Data items:

• • •

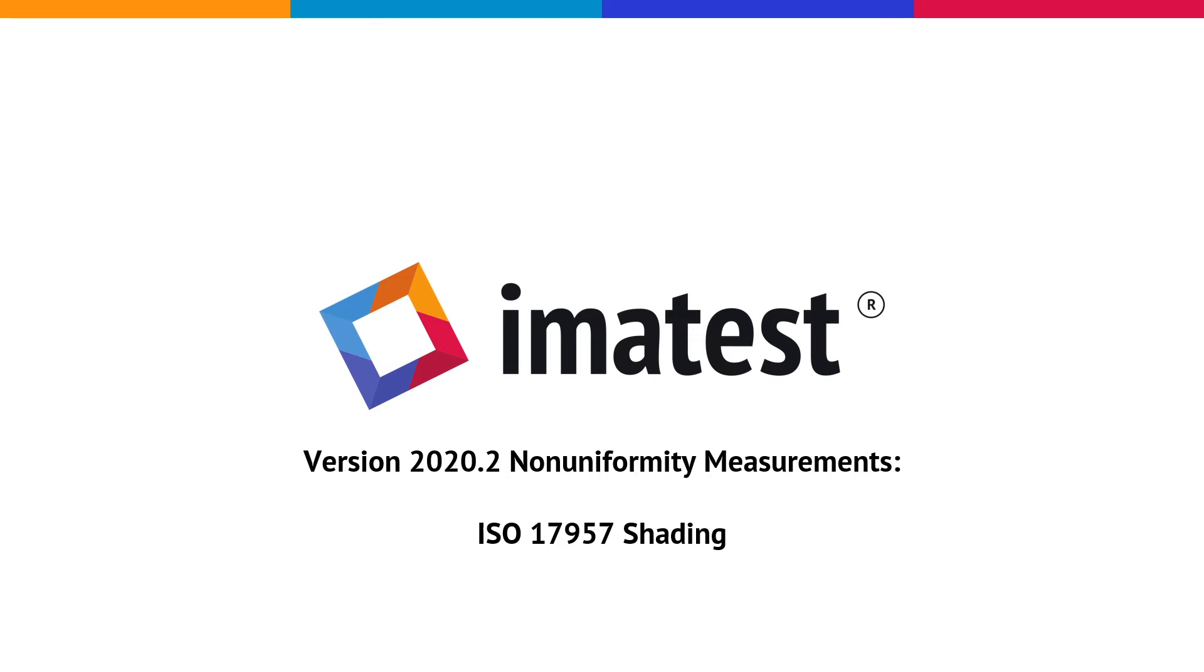We are going to demonstrate the ISO 17957 shading measurements added to Imitest version 2020.2.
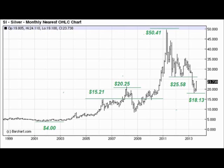Another level that pops out of the calculations is $20.25. And in fact we can see that back in 2008, immediately before the financial crisis, where did silver find overhead resistance? $20.25.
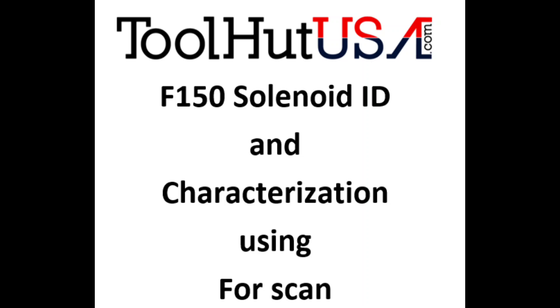Hello and welcome to the ToolHut channel. Today we have a 2014 F-150 we're going to do the solenoid ID and characterization using ForScan.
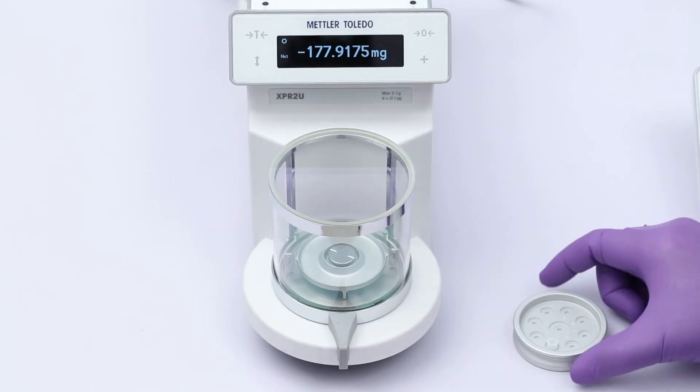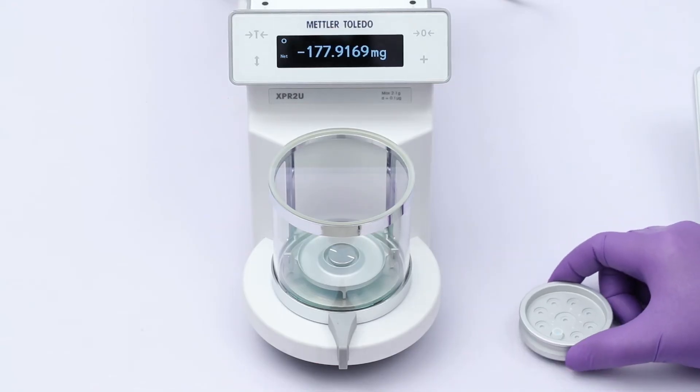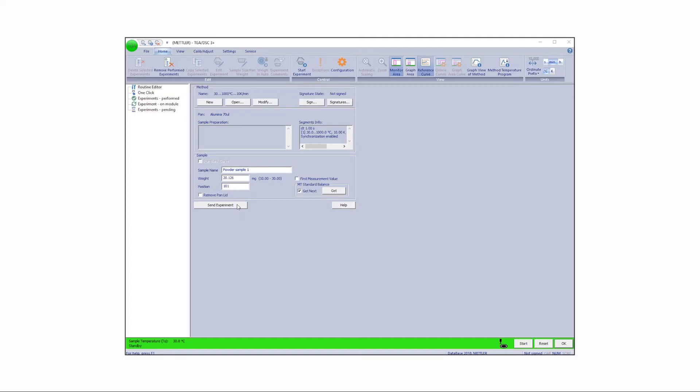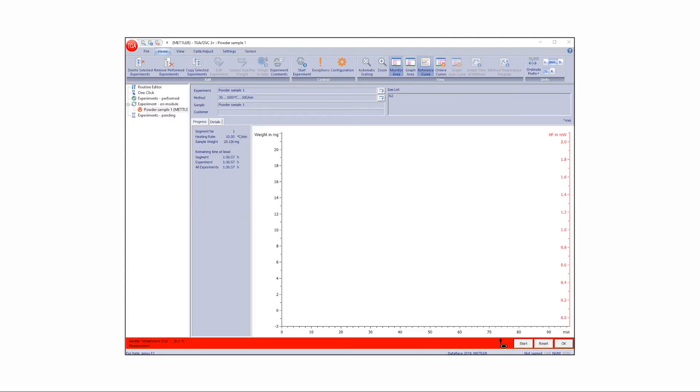Place the crucible containing the weighed sample onto the TGA turntable. Send the experiment to the module control window in STAR-E software.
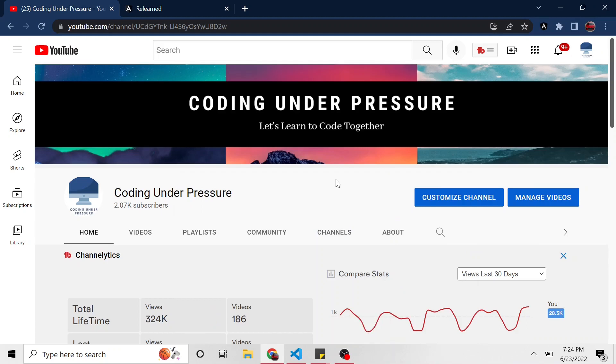All right, welcome back to another relearning Angular video. In this series, we've been doing just that, relearning Angular. It's something I wanted to do. I've learned Angular in the past, I wanted to relearn it, and I thought this would be good for people wanting to do the same thing or even just learn it from scratch. We're going from the very basics to hopefully more advanced topics in the future.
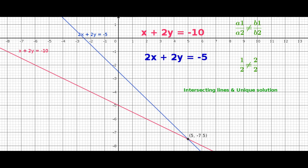In this video we are going to learn the behavior of lines representing a pair of linear equations in two variables and the existence of the solution. For this, let us consider the graphical representation of pair of linear equations in two variables. If the values of variables X and Y in any two linear equations are equal, then those two equations are called a pair of linear equations.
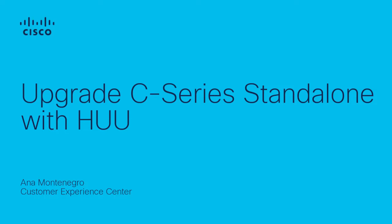Hello everyone, this is Ana Montenegro, Cisco CS Technical Leader, and in this video I will walk you through how to upgrade a C-Series Standalone using the HUU Upgrade Utility Tool.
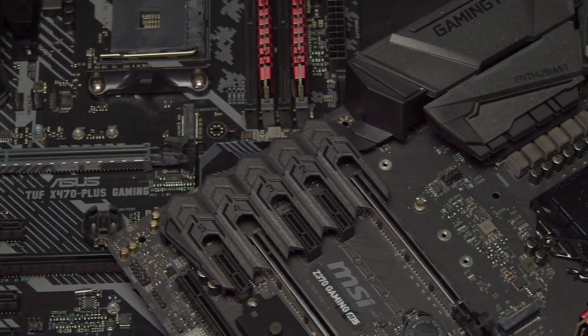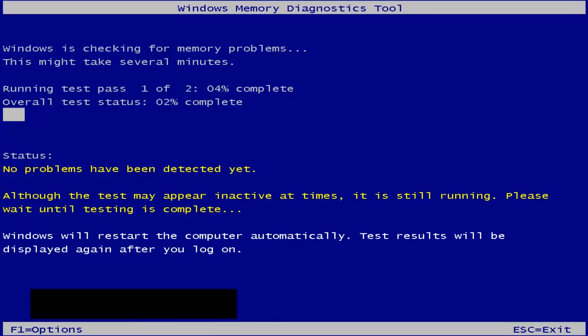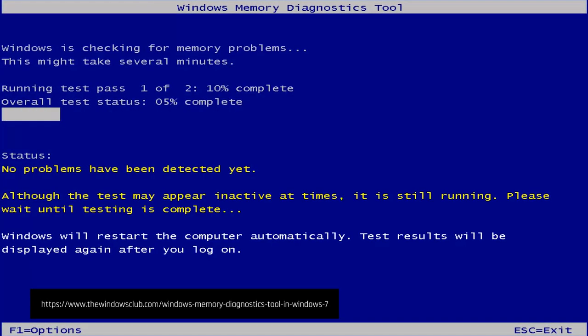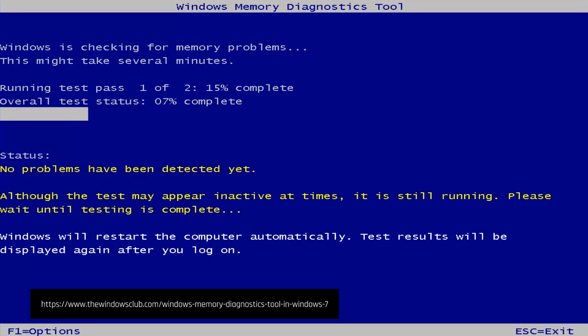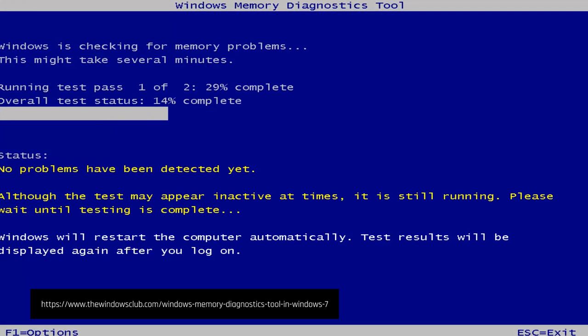Let's start off by identifying what could be a RAM issue. One issue could be that applications you frequently use are not loading as quickly. Another could be random freezing, your system rebooting, or even a loud beeping noise from a speaker on your motherboard. You can check for RAM issues using the Windows Memory Diagnostic tool, which is already integrated into Windows and allows you to stress test your RAM.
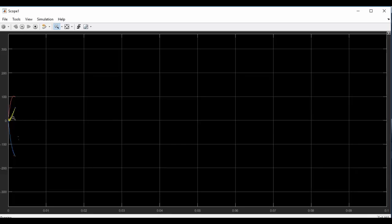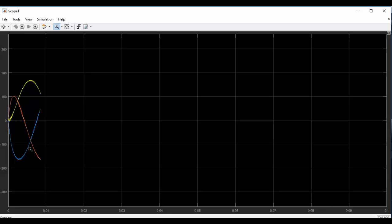You can see that the 3-phase voltages are building up. Thank you.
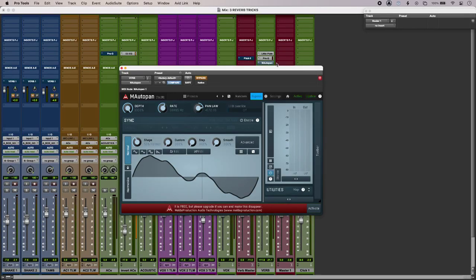But as soon as I use some auto panning across my reverb, I get a really obvious movement across the stereo field.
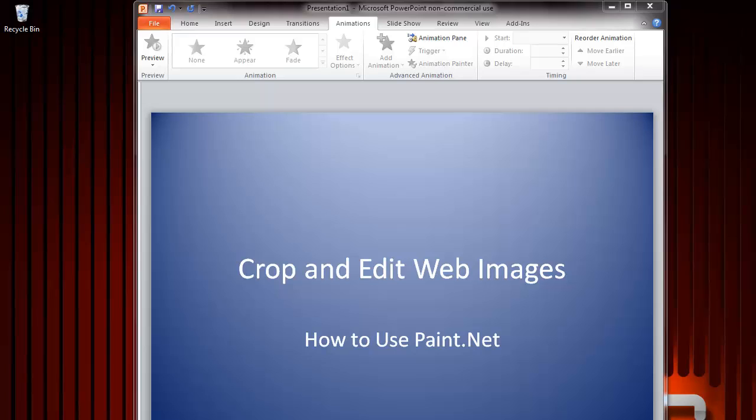This tutorial will show you how to use the editing features on Paint.Net to resize and crop images. Paint.Net is free imaging software that most amateurs can use without having to buy an expensive Photoshop license.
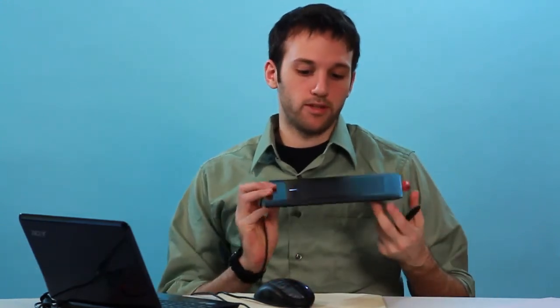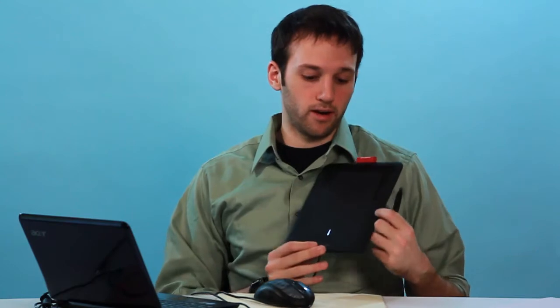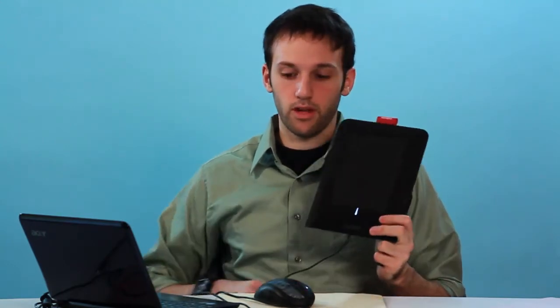So I'm going to be using this tablet today right here. Basically, all you have to do to set up a tablet with GIMP is plug the tablet into your computer using your USB cord.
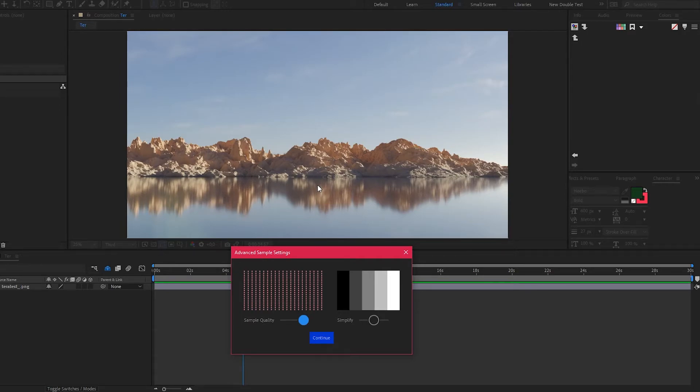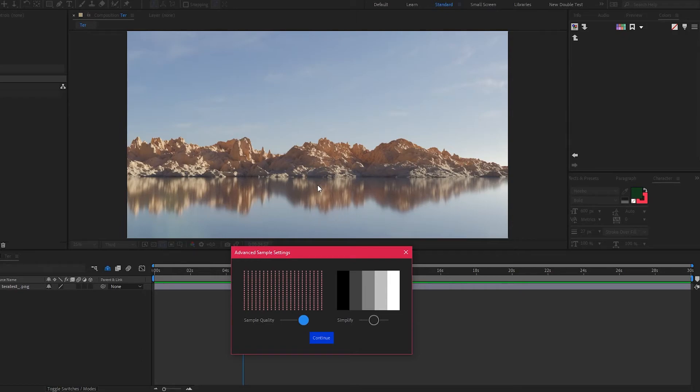If we sample this image across hundreds of locations, we might end up with very similar shades from the sky, very similar shades of blue. The simplification process looks at all those colors and removes ones that already exist.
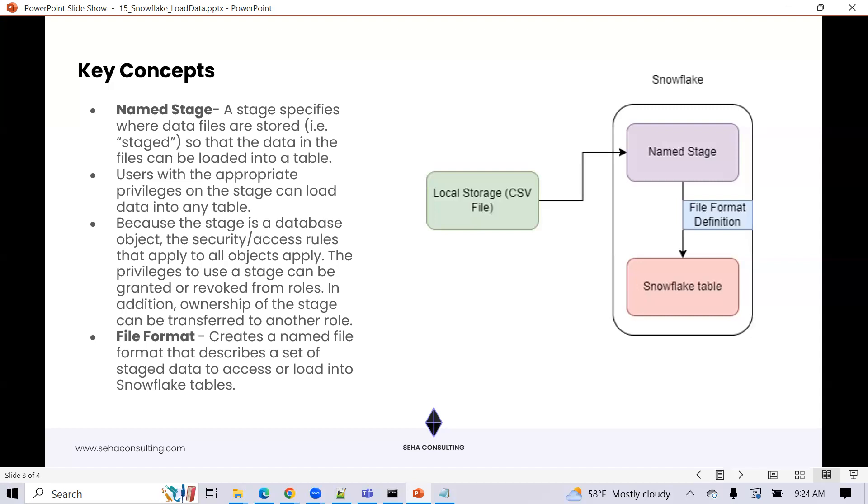With an internal named stage, it's a location where you specify data and then whatever users that have privileges to that named stage can use the data that you upload into any table. So you're not restricted, like in a user stage, only the user that has their stage. If you load data into the user stage, only that user has access to it. And you're not limited in table stage. Whatever I load into the table stage can only load data into that table. So an internal named stage is the most flexible method to load data where you just load a file into a named stage. Any user who has access to that named stage can load that to any table.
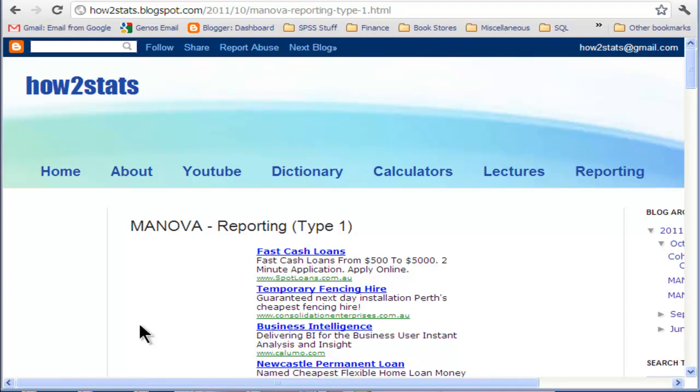Hi, welcome to HowToStats.com. In this video, I'm going to talk about reporting the results for a MANOVA.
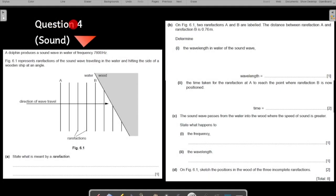Let us start with question number four from IGCSE past paper questions on the topic of sound. This is a very nice and interesting question — slightly challenging, but you'll enjoy solving it because here you'll also be applying ideas and understanding from the chapter on waves, specifically the reflection of waves. Some of those concepts will be applied here as well.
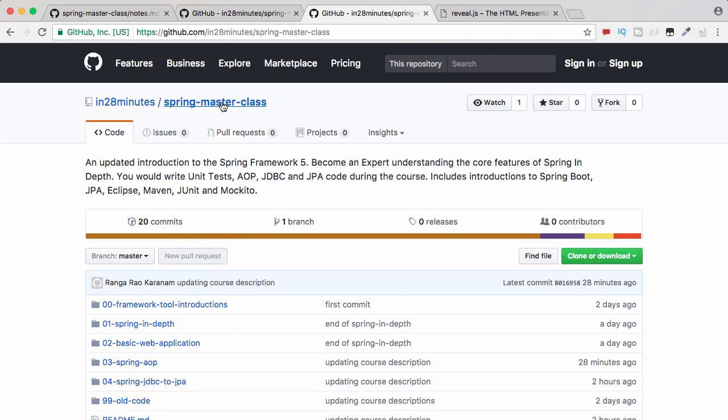I recommend you to spend some time with the GitHub repository and understand how it is organized. I will see you in the next video.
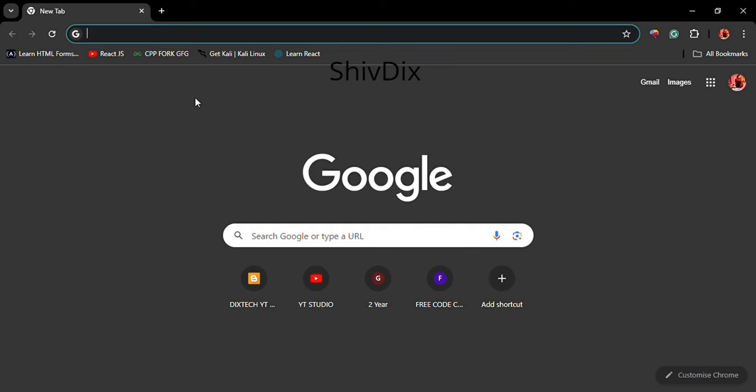Hello, welcome to my YouTube channel. Today I'm going to tell you how to check the result of AKTU with only a roll number. This will be a very helpful video for those who want to check the result of anyone without their knowledge and without asking for their date of birth. Thank me in the comments section if you want.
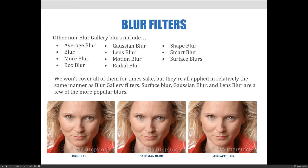We're not going to cover these now because they would take way too long to cover in detail, but with that said, do know that they are all applied in relatively the same manner as the blur gallery filters that we just covered. The surface blur, gaussian blur, and lens blur are the more popular blurs out of the group, and you already have experience with one of these — we covered surface blur in the last lecture on retouching.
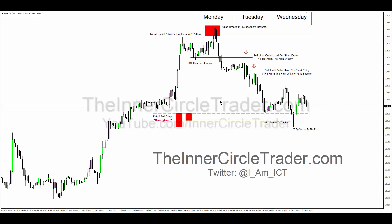I'm doing these videos to answer the constant claim that I teach supply and demand. I have no faith in supply and demand. I do not deal with zones — I deal with specific price levels. If I know we're going to move below these equal lows, supply and demand zones would say 'there might be something in this area.' But I'm not looking at zones — I'm dialed into a specific price point.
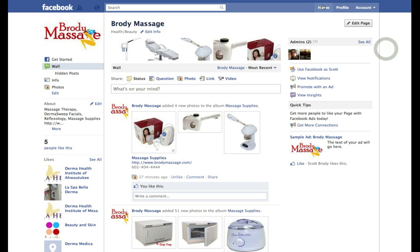Okay, we're going to create an event on Facebook. So the first thing I need to do is I'm on my business page here.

• • •

WORK ITEM: In the data, the line that contains "I'm doing these" begins the part to write out; restate it and each line after it word for word through the end, with no pictures.

RESPONSE AREA:
I'm doing these videos to answer the constant claim that I teach supply and demand. I have no faith in supply and demand. I do not deal with zones — I deal with specific price levels. If I know we're going to move below these equal lows, supply and demand zones would say 'there might be something in this area.' But I'm not looking at zones — I'm dialed into a specific price point.
Okay, we're going to create an event on Facebook. So the first thing I need to do is I'm on my business page here.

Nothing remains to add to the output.